BEGIN Records for this exercise

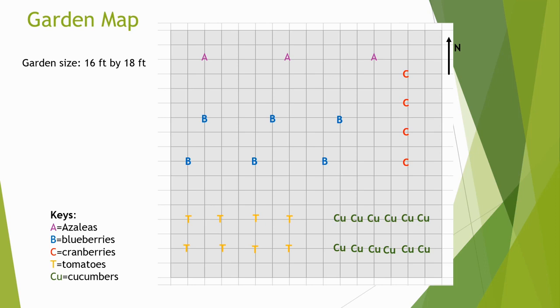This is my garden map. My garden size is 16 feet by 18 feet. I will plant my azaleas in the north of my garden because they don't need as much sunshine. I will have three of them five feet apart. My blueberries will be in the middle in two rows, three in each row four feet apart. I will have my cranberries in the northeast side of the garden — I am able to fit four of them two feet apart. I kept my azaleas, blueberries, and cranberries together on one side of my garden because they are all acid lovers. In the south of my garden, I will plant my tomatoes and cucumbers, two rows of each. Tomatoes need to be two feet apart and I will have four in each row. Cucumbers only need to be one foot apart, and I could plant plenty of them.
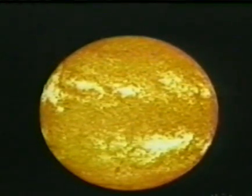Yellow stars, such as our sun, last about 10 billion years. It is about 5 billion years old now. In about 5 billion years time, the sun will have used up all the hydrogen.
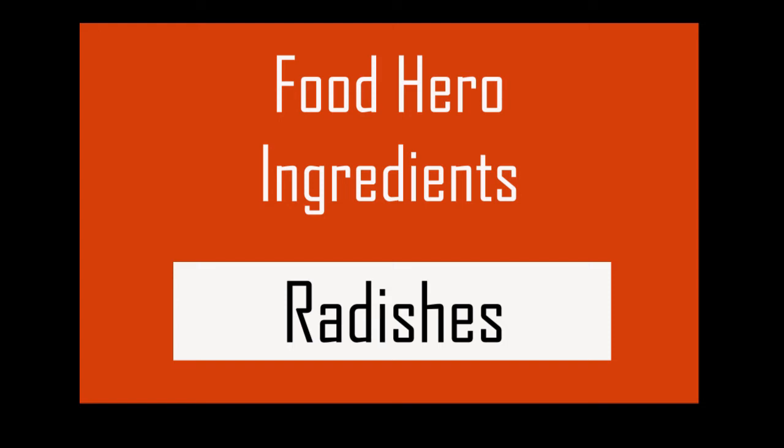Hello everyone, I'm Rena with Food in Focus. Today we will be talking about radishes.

END Records for this exercise
BEGIN Records for this exercise

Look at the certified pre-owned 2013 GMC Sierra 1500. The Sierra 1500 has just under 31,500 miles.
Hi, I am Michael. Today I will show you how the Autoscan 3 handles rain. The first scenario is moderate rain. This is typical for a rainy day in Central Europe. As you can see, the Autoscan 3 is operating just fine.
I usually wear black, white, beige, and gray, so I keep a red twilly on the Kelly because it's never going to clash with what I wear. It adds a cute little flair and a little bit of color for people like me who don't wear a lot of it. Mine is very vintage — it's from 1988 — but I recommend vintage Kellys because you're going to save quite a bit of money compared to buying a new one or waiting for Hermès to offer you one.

END Records for this exercise
BEGIN Records for this exercise

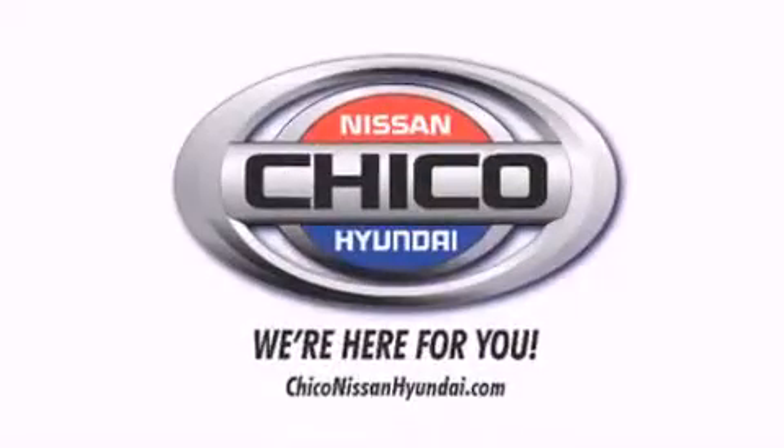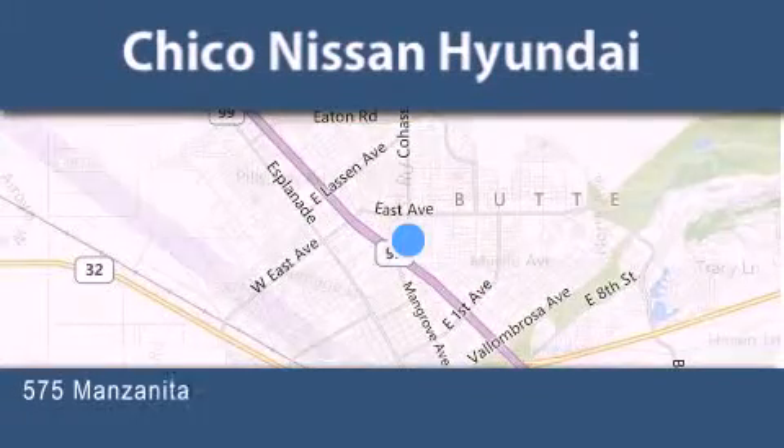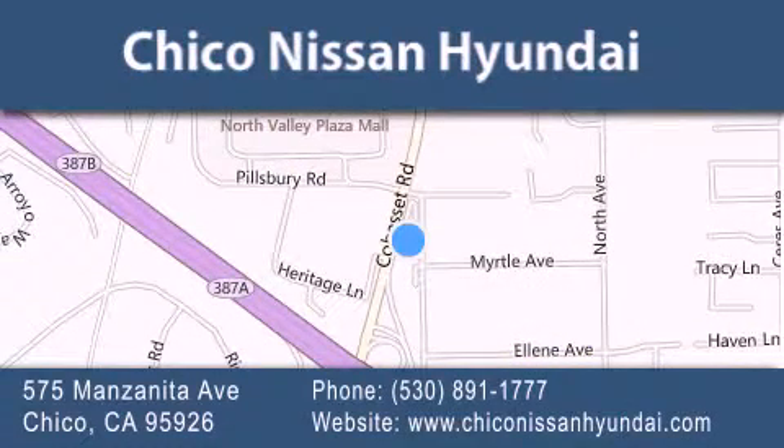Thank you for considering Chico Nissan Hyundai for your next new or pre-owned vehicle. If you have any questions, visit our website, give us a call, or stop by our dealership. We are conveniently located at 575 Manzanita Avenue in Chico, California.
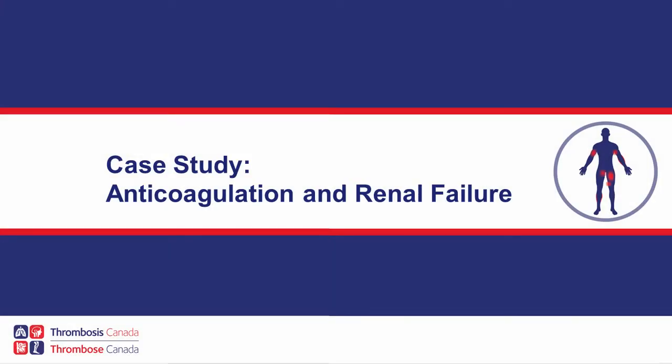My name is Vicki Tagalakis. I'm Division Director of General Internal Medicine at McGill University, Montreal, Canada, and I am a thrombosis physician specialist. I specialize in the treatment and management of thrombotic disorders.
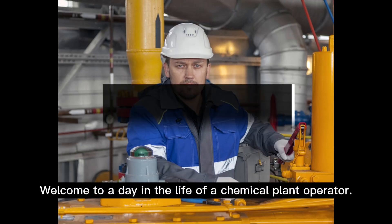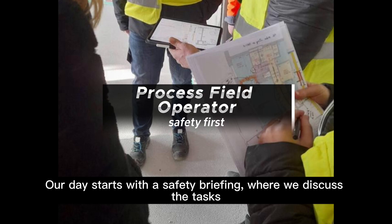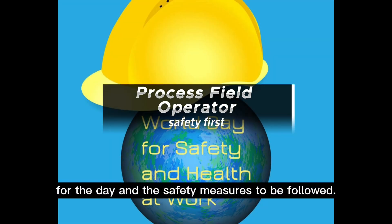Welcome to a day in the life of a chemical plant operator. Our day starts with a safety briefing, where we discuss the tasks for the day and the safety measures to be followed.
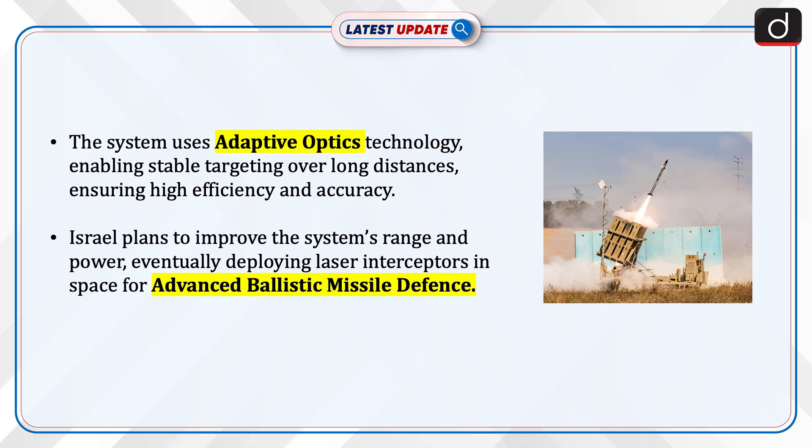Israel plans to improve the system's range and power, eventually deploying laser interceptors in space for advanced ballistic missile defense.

END Records for this exercise

Task to carry out: What is needed is every line of the records above that contains the word "just".

Expected answer:
Look at the certified pre-owned 2013 GMC Sierra 1500. The Sierra 1500 has just under 31,500 miles.
Hi, I am Michael. Today I will show you how the Autoscan 3 handles rain. The first scenario is moderate rain. This is typical for a rainy day in Central Europe. As you can see, the Autoscan 3 is operating just fine.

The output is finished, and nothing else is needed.